I think this is where the crux of the case lies since the article mentions these are only available illegally through torrents.
This is starting to touch on the root of why they keep calling this "AI", "training", etc. They aren't doing this for strictly marketing, they are attempting to skew public opinion. These companies know intimately how to do that.
They're going to argue that if torrents are legal for educational purposes (ie the loophole that all trackers use), and they're just "training" an "AI" then they're just engaging in education. And an ignorant public might buy it.
These kinds of cases will be viewed as landmark cases in the future and honestly I don't have huge hopes. The history of these companies is engineer first, excuse the lack of ethics later. Or the philosophy of "it's easier to apologize than ask".
Even if they did train the model on the entire text of the book, that's still not necessarily copyright violation. I would think not, since the resulting model doesn't actually have a copy of the book embedded within it.
It’s difficult to tell to what extent books are encoded into the model. The data might be there in some abstract form or another.
During training it is kind of instructed to plagiarize the text it’s given. The instruction is basically “guess the next word of this unfinished excerpt”. It probably won’t memorize all input it’s given, but there’s a nonzero chance it manages to memorize some significant excerpts.
But the server used to calculate the model would have a copy of it. If training an AI model is not fair use then the mere act of loading a book you don't have a license for into the server would be copyright infringement. Like text book. It's a unauthorized digital copy. It's all very untested legal grounds and seems like lots of people want to be the first to test it. Not everyone has a great case but if the courts interpret things a certain way there's gonna be lots of payouts so maybe best to get in line early?
It may be that no one currently knows exactly what these things are trained on, but it could be determined. If you know the methodology you can figure out what data is being used. The companies involved are going to resist letting anyone find out, but I'm hoping a court case will break that black box open.

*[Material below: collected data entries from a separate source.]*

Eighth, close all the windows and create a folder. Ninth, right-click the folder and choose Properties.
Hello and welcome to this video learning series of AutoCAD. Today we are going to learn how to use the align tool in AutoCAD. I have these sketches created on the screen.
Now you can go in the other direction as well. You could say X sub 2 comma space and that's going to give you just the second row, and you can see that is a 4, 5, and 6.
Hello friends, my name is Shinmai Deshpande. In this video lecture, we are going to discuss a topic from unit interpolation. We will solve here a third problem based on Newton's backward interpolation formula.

One of the many problems with this form of AI is the degree to which we don't know where it's getting its information from. Without that, there is no way to determine the reliability of the results. They can sound perfectly reasonable and be entirely untrue.

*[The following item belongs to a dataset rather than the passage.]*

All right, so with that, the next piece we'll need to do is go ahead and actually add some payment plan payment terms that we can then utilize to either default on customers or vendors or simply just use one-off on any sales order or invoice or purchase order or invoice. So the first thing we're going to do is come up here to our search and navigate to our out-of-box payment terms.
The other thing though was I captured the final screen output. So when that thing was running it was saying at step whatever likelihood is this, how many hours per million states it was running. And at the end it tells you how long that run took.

It's very rare for me to want Facebook to win a lawsuit. It's just as rare for me to want to see Sarah Silverman not succeed. But in this case, I think the Internet needs to see Facebook win.

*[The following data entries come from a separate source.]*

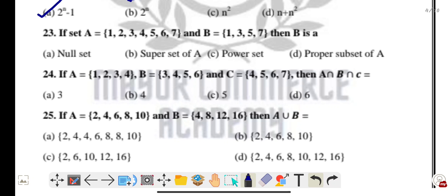Question twenty-three: if set A = {1, 2, 3, 4, 5, 6, 7} and B = {1, 3, 5, 7}, then B is a proper subset of A. All elements of B are present in A, so B is a proper subset of A.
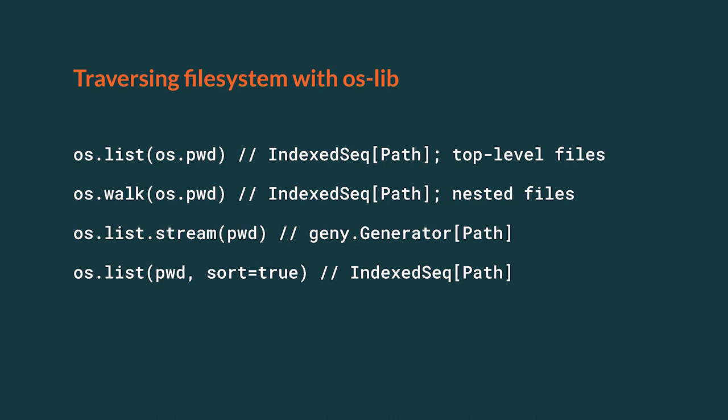List also accepts the option to sort the results. Walk command accepts also options to give you a finer control over the way the traversal is done in the file system.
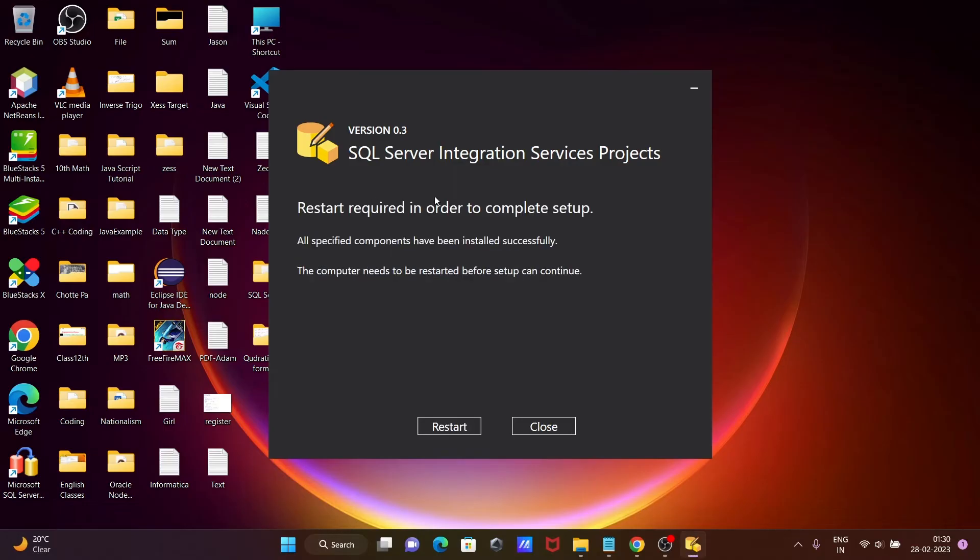Restart required in order to complete the setup. And the SQL Server Integration Services project has installed successfully.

All you will get from this will me more bots, advertising in every place for whichever brand paid the most. It's all about ads. Just like TV shows, the ads will be integrated to the content and be indistinguishable from the original content.
A place like this one will be treasured as a great thing from the past. It is really what you want?
Honestly? A little bit, yeah. More automated tools with greater function will help as long as we can moderate their use.
My real concern is more related to the fact that this will probably lead to a massive crackdown on sources and shadow libraries that have been used as training data for AIs. If this goes through, I see a lot of ML/AI/bots being forced into an audit, and whenever "potentially infringing" content is found, they won't just remove it, there will be an aggressive push against the shadow library hosting it.
There’s As we’ve said on The Vergecast every time someone gets Nilay going on copyright law, we’re going to see lawsuits centered around this stuff for years to come.
I can't wait to watch and/or listen to The Vergecast this week. If Nilay is on the podcast this time (he wasn't this past week) he's going to talk about it. I for one, can't wait to hear what he has to say.